The Arctic Patrol Ship concepts aren't properly icebreakers, at least in the current sense. They're ice-hardened and can handle a little ice, but they're not ice breakers. They're also behind schedule, but, apparently, construction has started this year.
posted by bonehead at 10:56 AM on July 12, 2016


P.S. The airport in Nunavut's capital of Iqaluit, also on Baffin Island, started as a US military base back in the forties. It sees about 20,000 flights a year. (Averaging about 5 passengers each, but still.)
posted by Sys Rq at 10:56 AM on July 12, 2016


> It is definitely interesting how we as a society have gone from "Climate change? Anti-business hippie lies!!!" to "Well, I want to see a walrus before they all die". One might have thought there would have been a "climate change? well shit, we were totally wrong - but maybe it's not too late!!!" moment in there somewhere.

A couple of weekends ago my wife and I were visiting some friends of her she's known since childhood.

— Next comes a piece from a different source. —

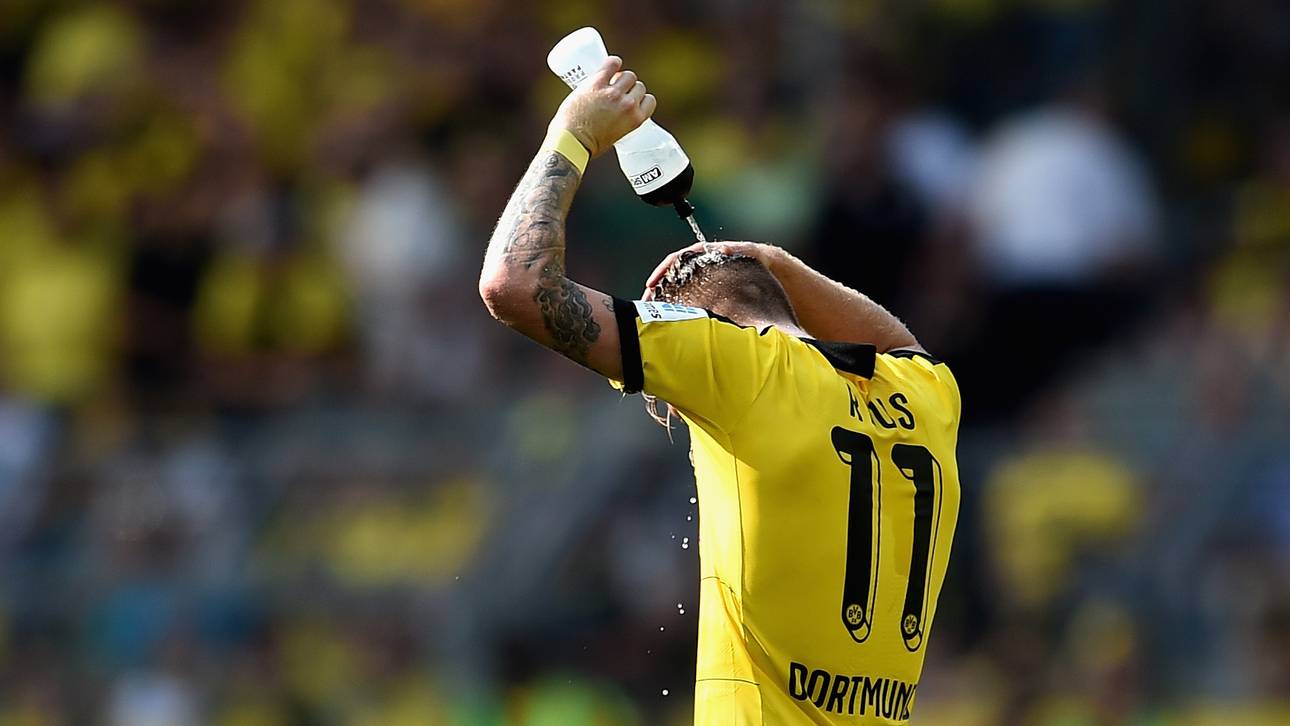 BVB in Hannover ohne Reus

They were talking about how much the weather has changed in their hometown since they were kids and one of the friends, normally by all appearances one of the most cheerful, upbeat people I know, blurted out "Our kids [she has two, my wife and I none] are fucked." There was a moment of awkward silence and then we all laughed it off and went back to small talk because...what the shit can you do?
posted by The Card Cheat at 11:13 AM on July 12, 2016 [2 favorites]


The expert group of SAR professionals figure that mortality rates from this Arctic cruise liner, particularly for passengers with elevated age, possibly pre-exisiting health or mobility issues, possibly further injured from the sinking or the transit over could thus exceed 50% before rescue could be made.

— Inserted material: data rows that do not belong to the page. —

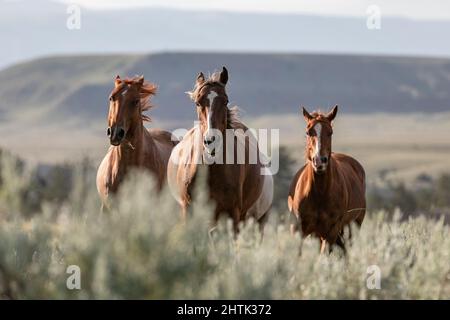 Ranch troupeau de chevaux sur la gamme dans le Montana Banque D'Images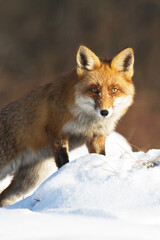 Naklejka na ściany i meble Mammals Fox Vulpes vulpes in autumn scenery, Poland Europe, animal walking among autumn meadow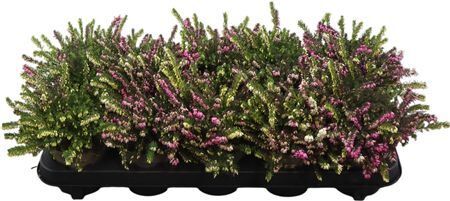 Erica X Darleyensis Twin Twin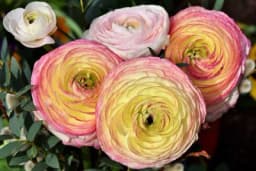 Ranunkula - Kako se gaji mješanac ruže i božura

Is any country actually, technically obligated to provide any kind of SAR? The way I see it, this could be a lot of welcome polar bear food to the area. Let 'em go I say.
posted by allkindsoftime at 1:05 PM on July 13, 2016


Yeah, it's part of the Arctic Council agreements.

Funnily you should mention them though, the bears are not currently represented on the Council. Perhaps this should change.